では、「図形的登場人物」とは、一体どの様な存在なのでしょうか。

架空の物語について。
とりわけ昔話を読んでいると、語られるはずの、在るはずの「何か」が、
排されていることに気がつきます。
例えば、いくつかの昔話において、様々な事情から犬が石になる物語の型がありますが、
そこでは大抵、犬が石になる過程やその際に発せられたかもしれない声・表情・内情が
全くと言っていいほど描かれていません。つまり、ここでは心身の描写が、おざなりなのです。
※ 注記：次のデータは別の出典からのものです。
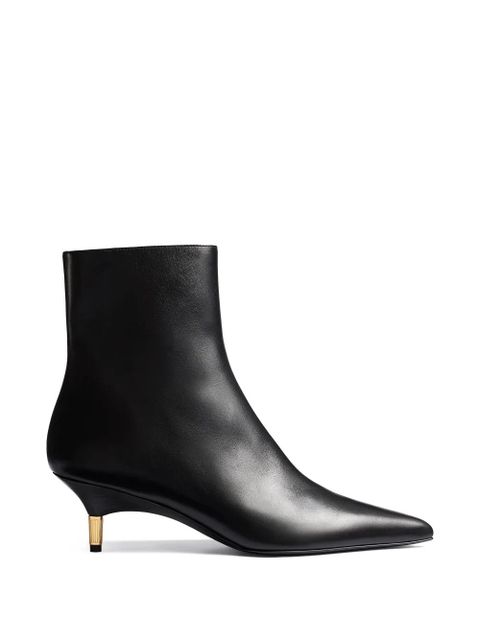 KHAITE Bella heel boots - Black - zdjęcie produktu nr 1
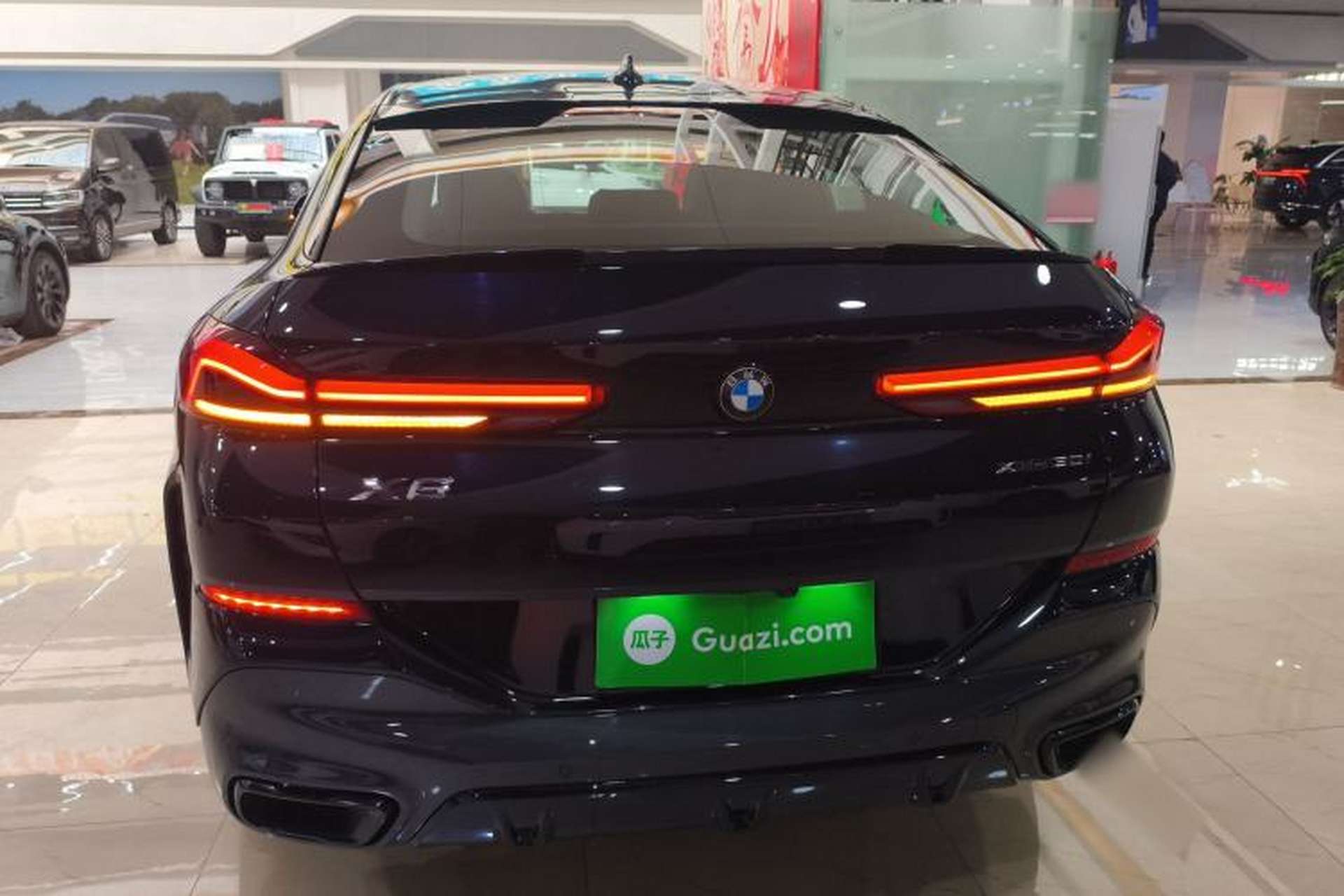 Used BMW X6 2022 Restyled xDrive30i M Sport Package Rear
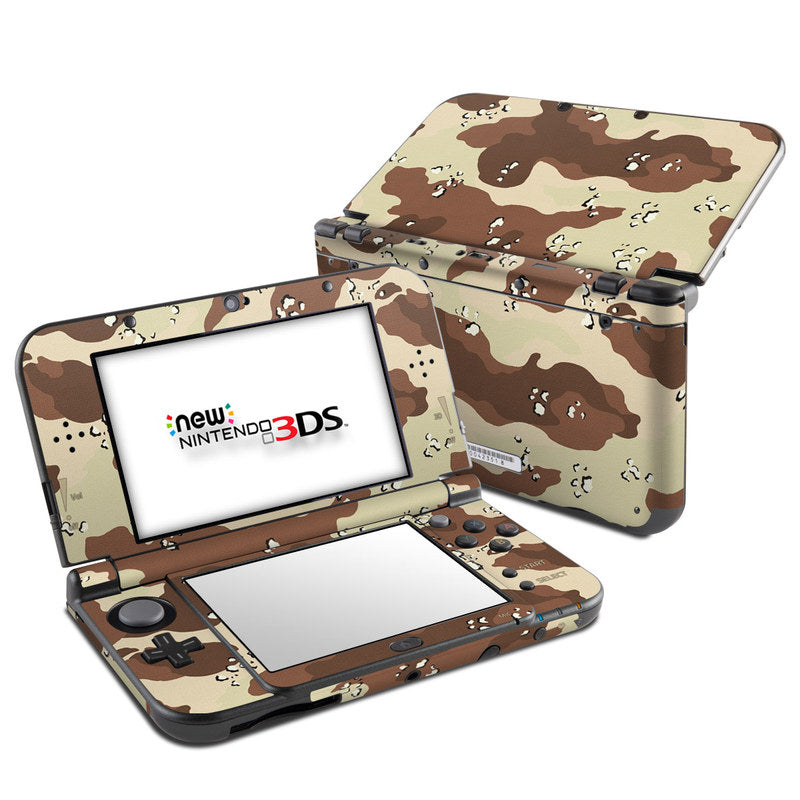 Desert Camo - Nintendo 3DS LL Skin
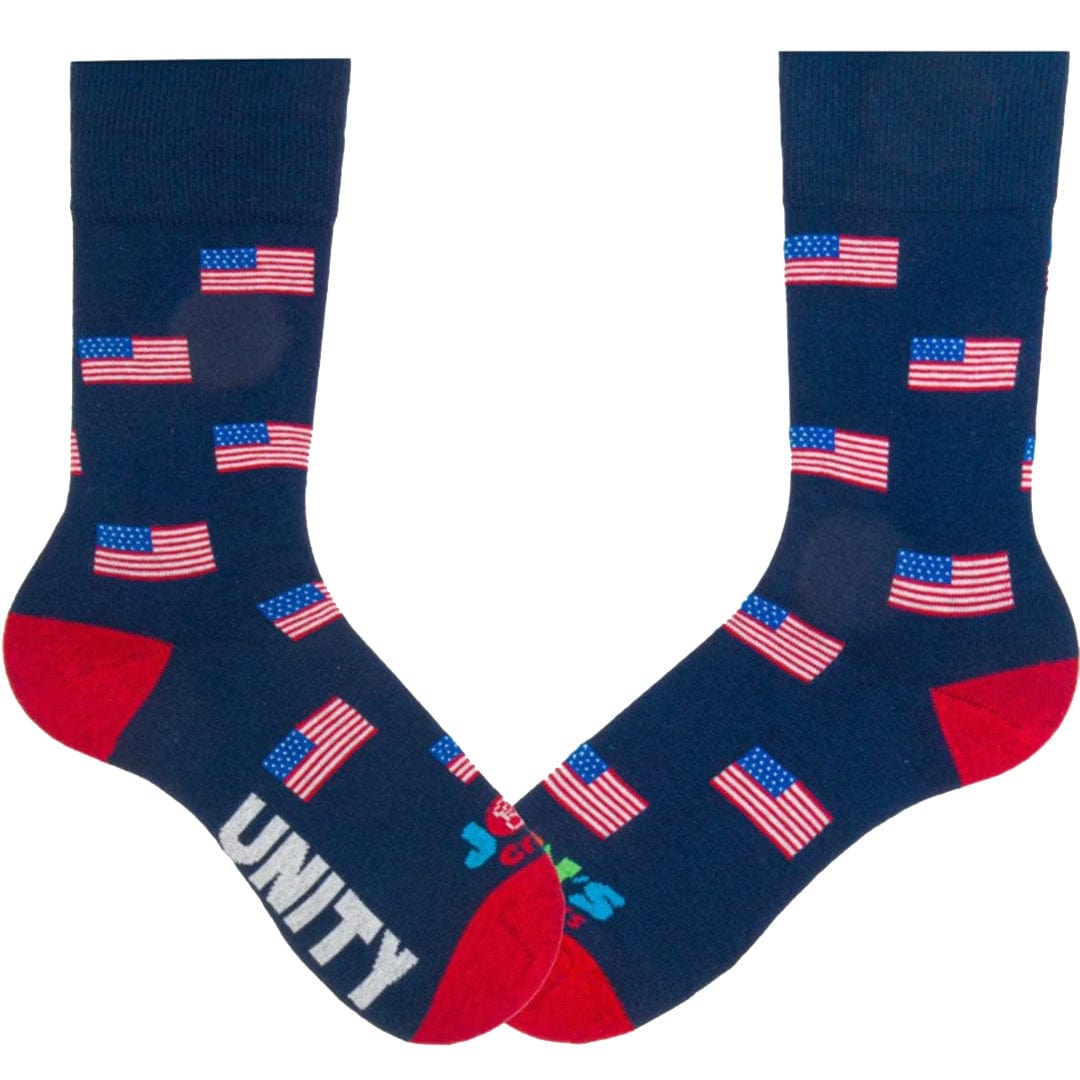 Unity Flag Unisex Crew Sock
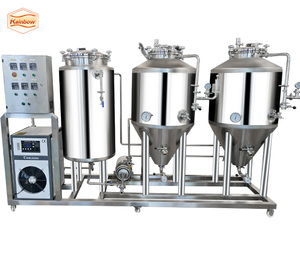Kit de Elaboración de Cerveza Industrial de 200L, Sistema de Cerveza para Plantas de Cerveza Artesanal - Product Image 5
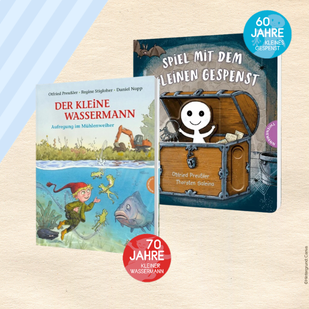 Neues vom Kleinen Wassermann und vom Kleinen Gespenst: - Preu&szlig;ler-Klassiker feiern Geburtstag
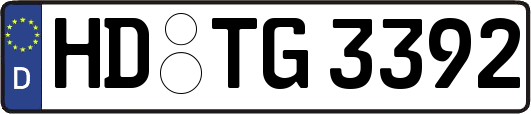 HD-TG3392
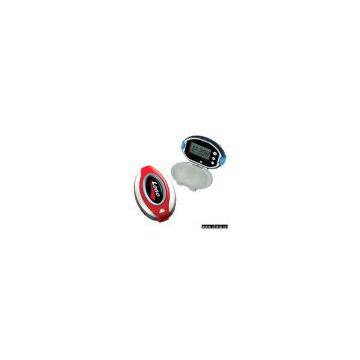 Sell Turnover Pedometers with Clock and Calorie Meter
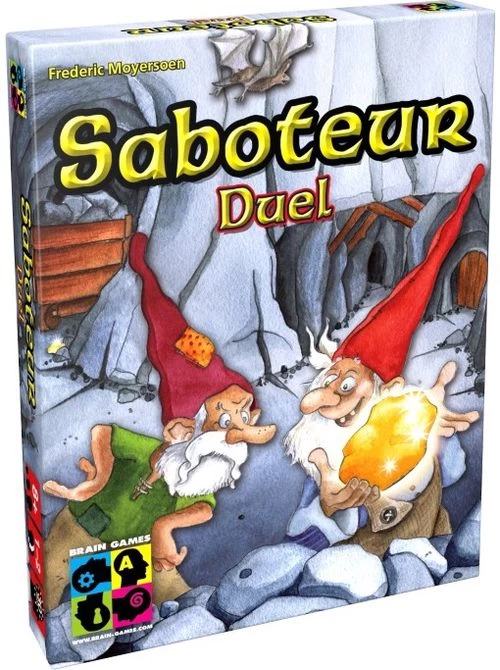 Kortų žaidimas Saboteur Duel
このように昔話には、本来描かれていてもおかしくない描写が、登場人物から欠落しています。
(正確には、今回は登場「犬」なのですが…。)
あるいは、そのような描写をまるで行間へとしまってしまうような態度、とも言えるでしょう。
何故なら、昔話は話の筋を何より優先するからです。
民間伝承文学の研究者であるマックス・リュティ氏は、
上述のように、個体としての描写や感情表現を無視もしくは省かれてしまった存在を
「図形的登場人物」(小澤俊夫氏の日本語訳)と呼んでいます。
ここまで読むと、「図形」がどのような比喩なのか、大体察しが付くかと思います。
そうです。昔話の登場人物たちは、物語を進めるための簡易的に扱われる、
図形のような存在なのです。

ここで、注意したい点があります。
私は登場人物から欠落した説明を補う為の、いわば挿絵としての絵画を制作目的にしていない、
と言うことです。要するに、図形的登場人物との出会いから得た「言語化したくない感覚」が、
制作のモチベーションとなっているのです。
また、全作品とは言い切れませんが、基本的には物語から得たイメージと物質性を強調した絵具を、
画面上でぶつけ合わせることが重要な課題となります。少しずつ物語のイメージを損なわせつつ、
絵具や描画材自体の存在感を高めていくのです。
何故このような描き方をするのか。それは、物語画が退行していき、物語の手前にある
「ただ起こっただけの出来事」へと引き戻されていくような感覚を作りたいという欲求があるからです。
「何かが起こっているようだけれども、それが何かは明確にはわからない。」、
そのような画面状況を作るために、イメージと物質の間でまるで綱引きをするかのように、
理想とするバランスを探っていきます。

そして、そこから新たに何が生まれるのか?
私は、これを見届け続けたいと考えています。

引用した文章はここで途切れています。